Medium modifications for light and heavy nuclear clusters in simulations of core collapse supernovae -- Impact on equation of state and weak interactions

TL;DR

This paper develops a new nuclear equation of state considering nuclear clusters for core collapse supernova simulations, revealing limitations of previous models and assessing the impact on supernova dynamics and neutrino emissions.

Contribution

It introduces a novel approach for describing nuclear clusters, incorporating quasiparticle and continuum correlations, and evaluates their effects in supernova models.

Findings

The new EOS accounts for interactions and continuum effects in nuclear clusters.

The inclusion of light cluster weak processes has minimal impact on supernova dynamics.

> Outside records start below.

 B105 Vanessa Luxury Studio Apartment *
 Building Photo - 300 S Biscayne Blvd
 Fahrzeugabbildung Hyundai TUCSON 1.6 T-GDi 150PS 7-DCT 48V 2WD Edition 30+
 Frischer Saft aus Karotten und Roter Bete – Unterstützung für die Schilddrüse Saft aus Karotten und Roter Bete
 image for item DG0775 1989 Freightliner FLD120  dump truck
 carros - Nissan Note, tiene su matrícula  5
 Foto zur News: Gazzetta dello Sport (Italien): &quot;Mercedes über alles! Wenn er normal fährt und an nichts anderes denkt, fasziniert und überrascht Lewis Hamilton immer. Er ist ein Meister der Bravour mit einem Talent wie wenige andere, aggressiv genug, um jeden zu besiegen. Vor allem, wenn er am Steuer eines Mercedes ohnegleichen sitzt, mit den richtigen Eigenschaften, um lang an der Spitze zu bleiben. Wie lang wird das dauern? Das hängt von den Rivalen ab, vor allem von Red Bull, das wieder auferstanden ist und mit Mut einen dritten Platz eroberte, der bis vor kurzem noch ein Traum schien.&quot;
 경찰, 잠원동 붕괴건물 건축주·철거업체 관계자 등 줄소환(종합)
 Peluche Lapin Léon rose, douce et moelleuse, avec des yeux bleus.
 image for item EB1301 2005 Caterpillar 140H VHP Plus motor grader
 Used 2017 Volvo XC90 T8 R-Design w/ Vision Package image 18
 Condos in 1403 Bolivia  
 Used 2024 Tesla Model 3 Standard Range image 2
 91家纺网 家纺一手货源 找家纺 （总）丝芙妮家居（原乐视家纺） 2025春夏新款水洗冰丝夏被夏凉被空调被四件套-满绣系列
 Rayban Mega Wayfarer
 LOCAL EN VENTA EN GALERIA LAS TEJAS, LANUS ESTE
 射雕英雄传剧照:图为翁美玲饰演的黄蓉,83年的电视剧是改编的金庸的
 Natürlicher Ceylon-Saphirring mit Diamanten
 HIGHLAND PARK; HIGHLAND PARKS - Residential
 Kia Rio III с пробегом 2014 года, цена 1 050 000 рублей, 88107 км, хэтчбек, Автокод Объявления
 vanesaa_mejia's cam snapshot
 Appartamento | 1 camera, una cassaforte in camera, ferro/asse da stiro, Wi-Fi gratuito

The traditional statistical equilibrium approach is invalid near saturation density.

Abstract

The present article investigates the role of heavy nuclear clusters and weakly bound light nuclear clusters based on a newly developed equation of state for core collapse supernova studies. A novel approach is brought forward for the description of nuclear clusters, taking into account the quasiparticle approach and continuum correlations. It demonstrates that the commonly employed nuclear statistical equilibrium approach, based on non-interacting particles, for the description of light and heavy clusters becomes invalid for warm nuclear matter near the saturation density. This has important consequences for studies of core collapse supernovae. To this end, we implement this nuclear equation of state provided for arbitrary temperature, baryon density and isospin asymmetry, to spherically symmetric core collapse supernova simulations in order to study the impact on the dynamics as well as on the neutrino emission. For the inclusion of a set of weak processes involving light clusters the rate expressions are derived, including medium modifications at the mean field level. A substantial impact from the inclusion of a variety of weak reactions involving light clusters on the post bounce dynamics nor on the neutrino emission could not be found.